• _Instructions for the task_
For this exercise, reproduce only the lines from the one holding "Детска памучна тениска" through the final line of the data below, exactly, and omit pictures.

• _Information provided_
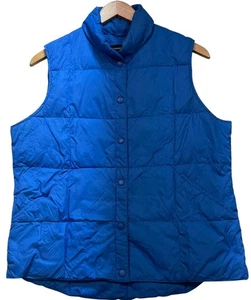 Lands End Womens Snap Front Down Puffer Vest Jacket Waterproof  Sz M 10-12 Blue - Picture 1 of 10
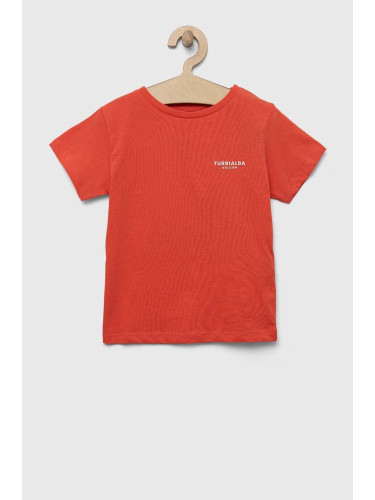 Детска памучна тениска zippy в оранжево с принт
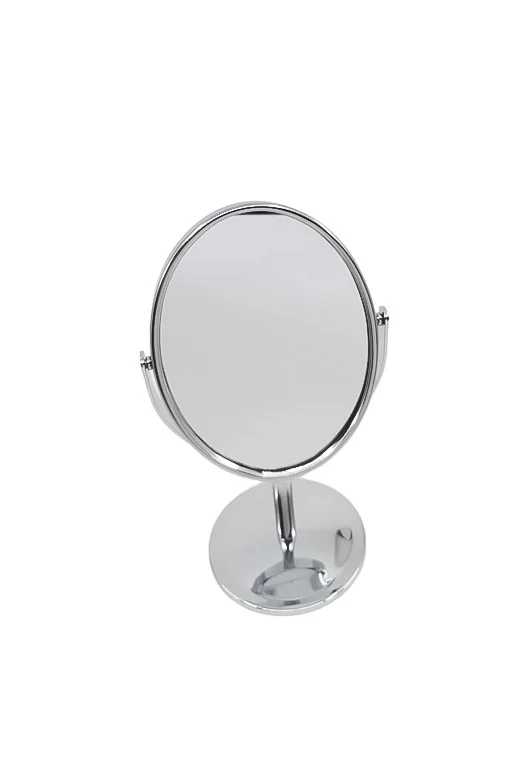 Mini oglinda cosmetica 2 in 1 TwoFaces, mareste 4x, portabila, design minimalist, argintiu, 16x10 cm, Doty®️ – imagine 2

• _Output of the exercise_
 Детска памучна тениска zippy в оранжево с принт
 Mini oglinda cosmetica 2 in 1 TwoFaces, mareste 4x, portabila, design minimalist, argintiu, 16x10 cm, Doty®️ – imagine 2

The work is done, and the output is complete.